§ What to produce
Look in the listing below for the line that has "Pinpoint Commercial Finance website preview", then return it and each following line up to and including the one with "Gerry Weber Blouse", exactly and without pictures.

§ Source data
• • • •

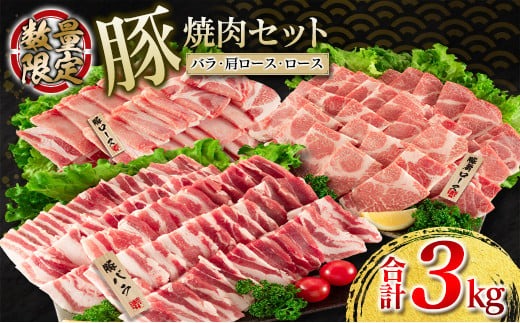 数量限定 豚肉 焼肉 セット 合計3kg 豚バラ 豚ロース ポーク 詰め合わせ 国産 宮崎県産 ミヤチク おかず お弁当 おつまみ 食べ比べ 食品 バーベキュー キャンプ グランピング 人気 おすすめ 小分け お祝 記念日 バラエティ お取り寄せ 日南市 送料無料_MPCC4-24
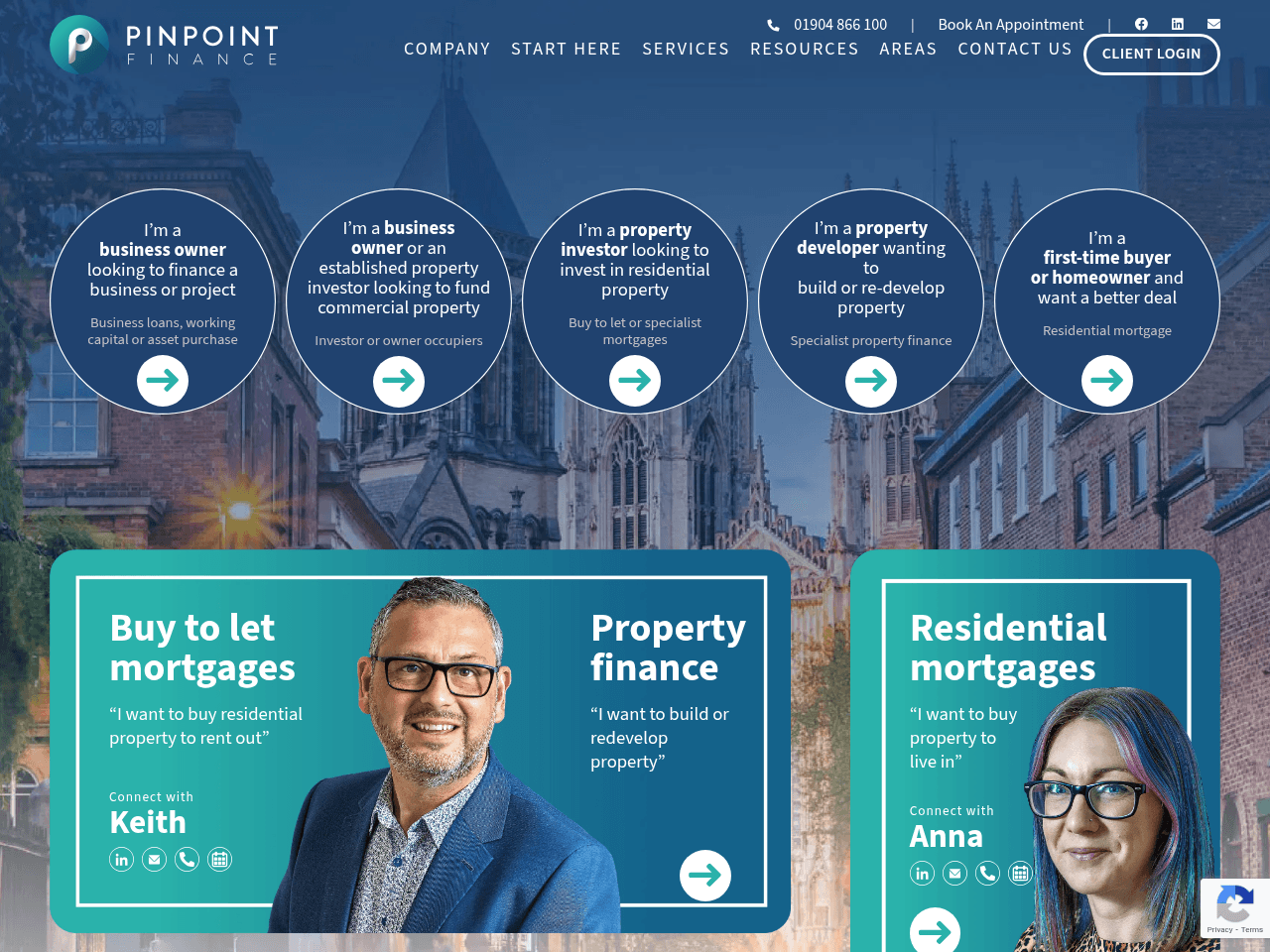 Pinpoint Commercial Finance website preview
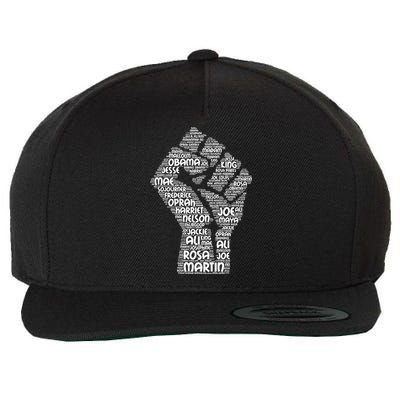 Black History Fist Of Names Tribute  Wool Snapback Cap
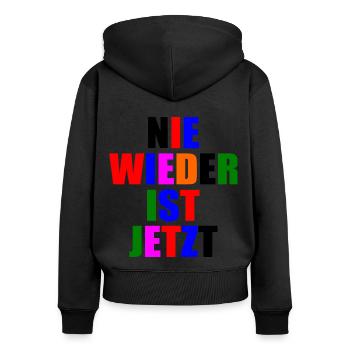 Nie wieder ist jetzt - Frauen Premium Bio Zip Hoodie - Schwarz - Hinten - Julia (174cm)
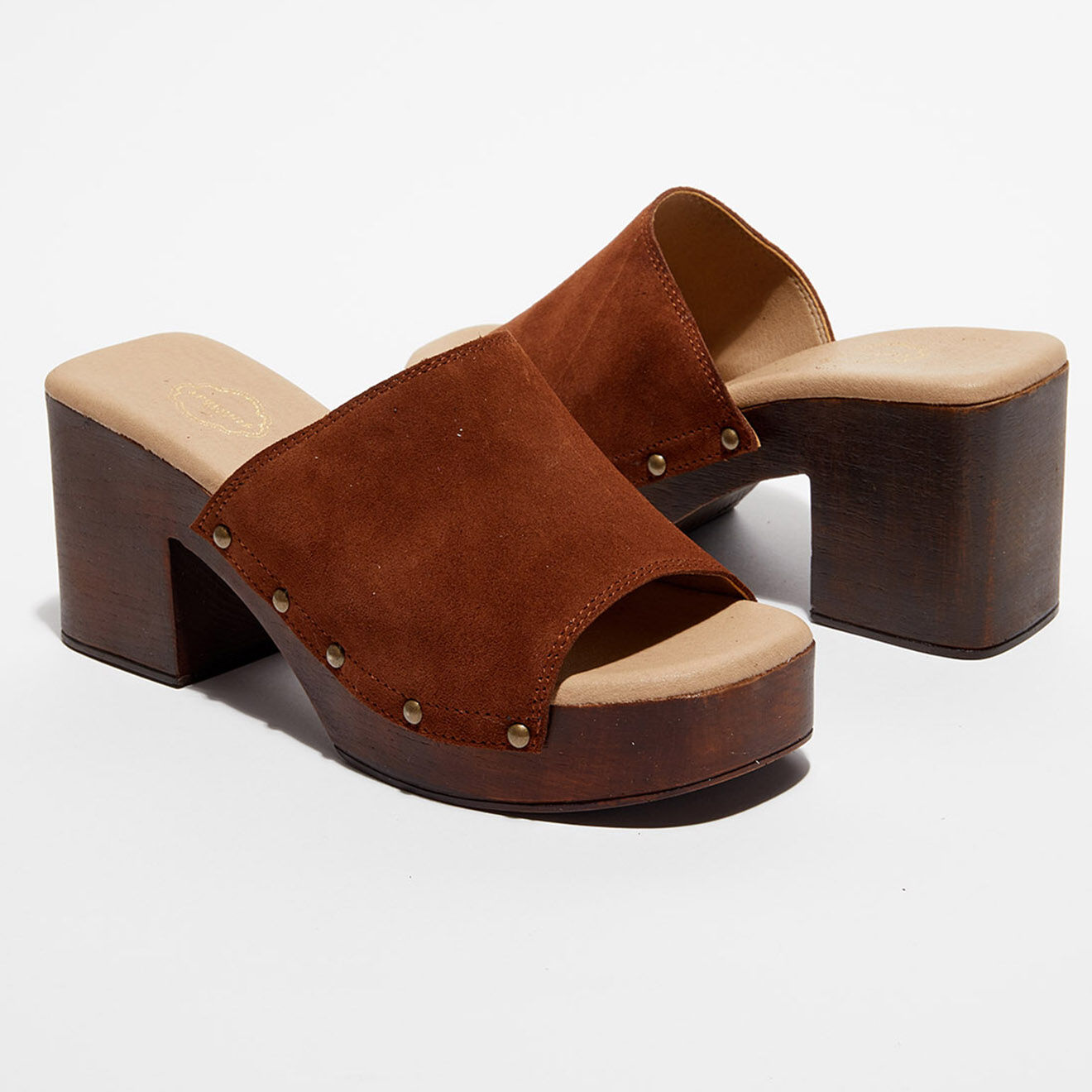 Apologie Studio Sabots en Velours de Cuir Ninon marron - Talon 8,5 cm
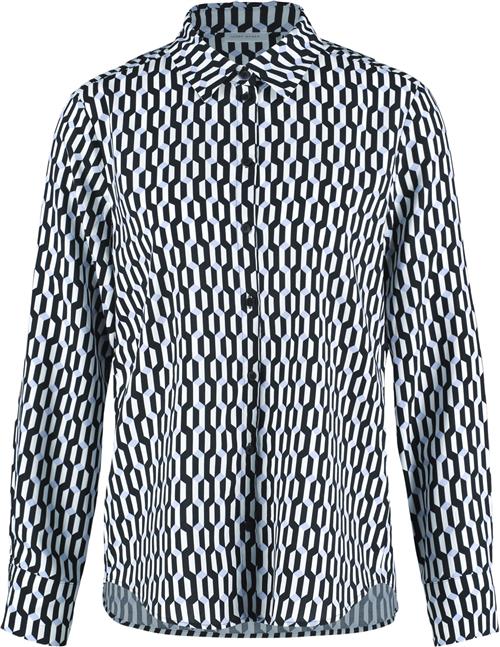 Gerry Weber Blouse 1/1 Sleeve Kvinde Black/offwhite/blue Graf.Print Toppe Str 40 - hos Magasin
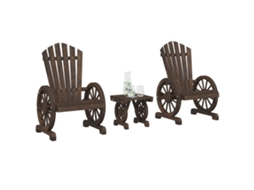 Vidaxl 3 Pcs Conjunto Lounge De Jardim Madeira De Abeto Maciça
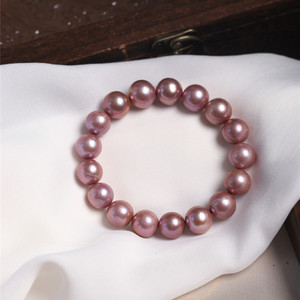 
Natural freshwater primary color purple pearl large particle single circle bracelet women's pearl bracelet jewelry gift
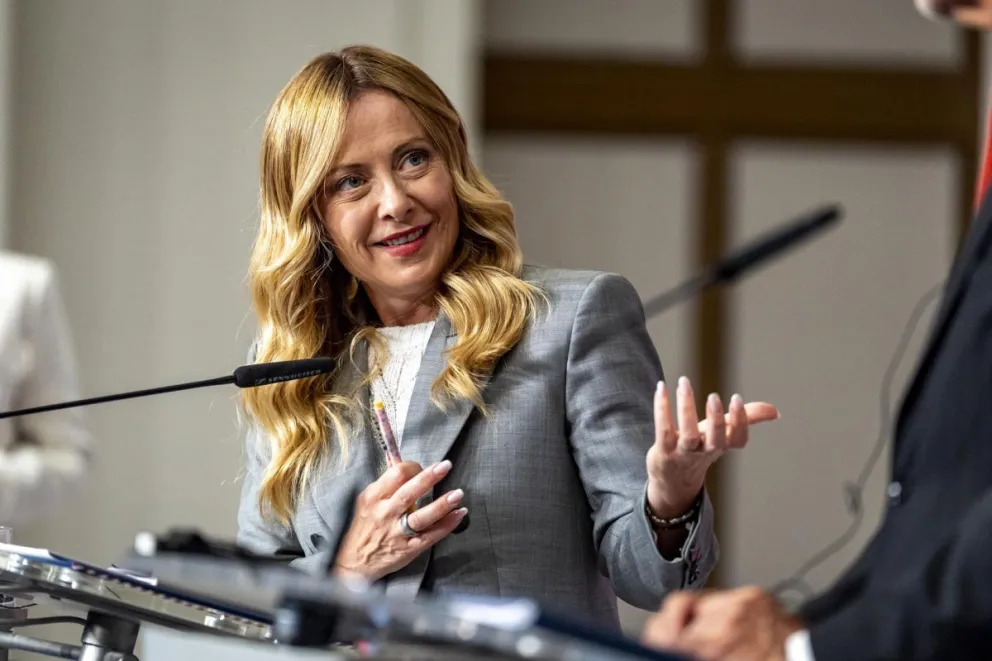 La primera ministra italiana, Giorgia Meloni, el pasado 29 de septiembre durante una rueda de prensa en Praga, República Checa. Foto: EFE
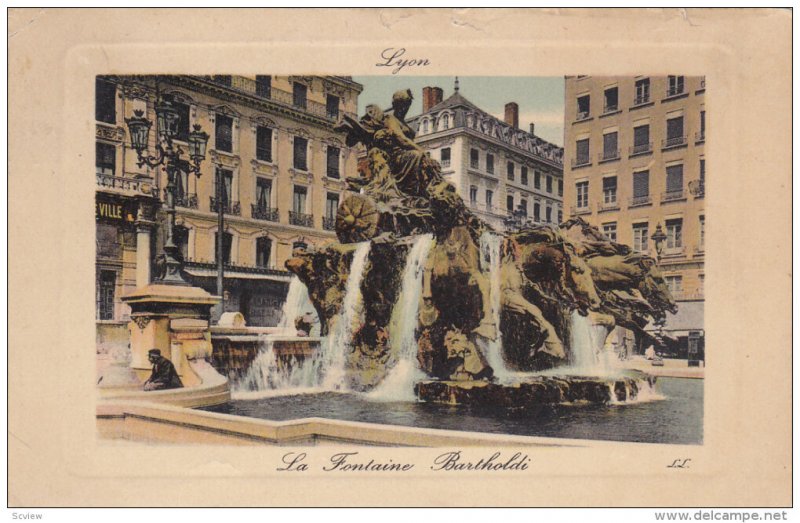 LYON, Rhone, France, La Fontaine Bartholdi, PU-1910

• • • •

§ Output of the exercise
 Pinpoint Commercial Finance website preview
 Black History Fist Of Names Tribute  Wool Snapback Cap
 Nie wieder ist jetzt - Frauen Premium Bio Zip Hoodie - Schwarz - Hinten - Julia (174cm)
 Apologie Studio Sabots en Velours de Cuir Ninon marron - Talon 8,5 cm
 Gerry Weber Blouse 1/1 Sleeve Kvinde Black/offwhite/blue Graf.Print Toppe Str 40 - hos Magasin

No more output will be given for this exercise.